Perda total do olfacto » Cheiros e sabores inodoros
Atenção redobrada
São raros os casos clínicos de pessoas que nascem sem olfacto. Daí que, como esclarece o especialista do Hospital de Santa Maria, «não é fácil fazer um diagnóstico exacto do problema». O motivo é simples, «a via olfactiva é extensa e complexa, podendo a malformação congénita verificar-se a vários níveis, mesmo a nível celular», explica.
Amélia Moreira, 52 anos, não se lembra de algum dia ter tido olfacto. A única lembrança que tem de «cheirar» foi-lhe concedida através de um livro, O Perfume, de Patrick Süskind. Porém, no seu dia-a-dia, não são os livros que a ajudam a identificar os líquidos com que trabalha.

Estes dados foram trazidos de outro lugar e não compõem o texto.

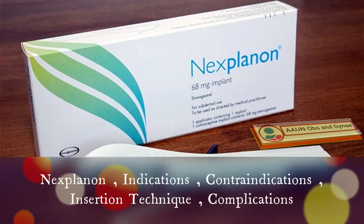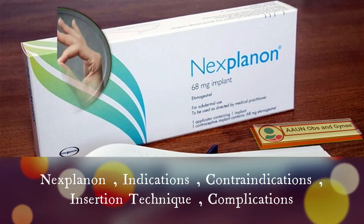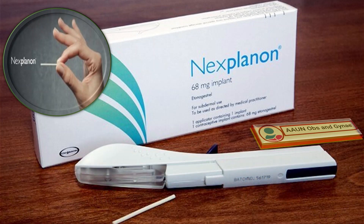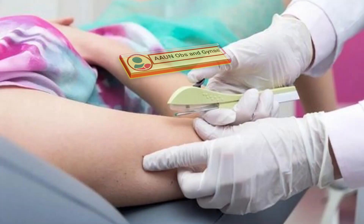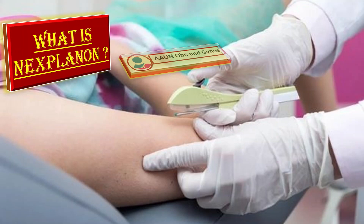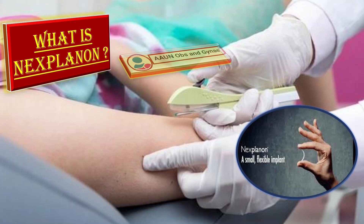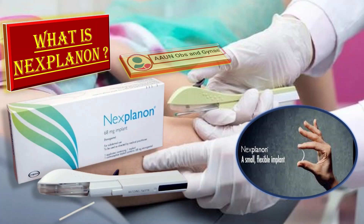Today we will talk about Nexplanon, which is a long-acting reversible hormonal contraceptive method. It is a small flexible birth control implant that is placed under the skin of the inner non-dominant upper arm. It releases about 68 mg of etonorgestrel over the duration of its use.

«Distingo o álcool, o éter e a água oxigenada pelo tacto», explica a técnica de Radiologia. As certezas são dadas pelos doentes: «Costumo dizer qual é o líquido e os doentes confirmam dizendo que sim, pois cheira». Sujeita a uma intervenção cirúrgica para raspar uns pólipos que obstruíam a cavidade que faz a ligação entre a boca e o nariz, nem assim conseguiu recuperar o olfacto.
Alberto Santos avalia que o tratamento não resulta em todos os casos porque «tudo depende da causa e do tempo que o sistema esteve sem funcionar». De qualquer forma, o clínico elucida que é essencial fazer uma avaliação completa de cada caso, sendo a história clínica do doente essencial para se poderem definir os exames complementares de diagnóstico a realizar.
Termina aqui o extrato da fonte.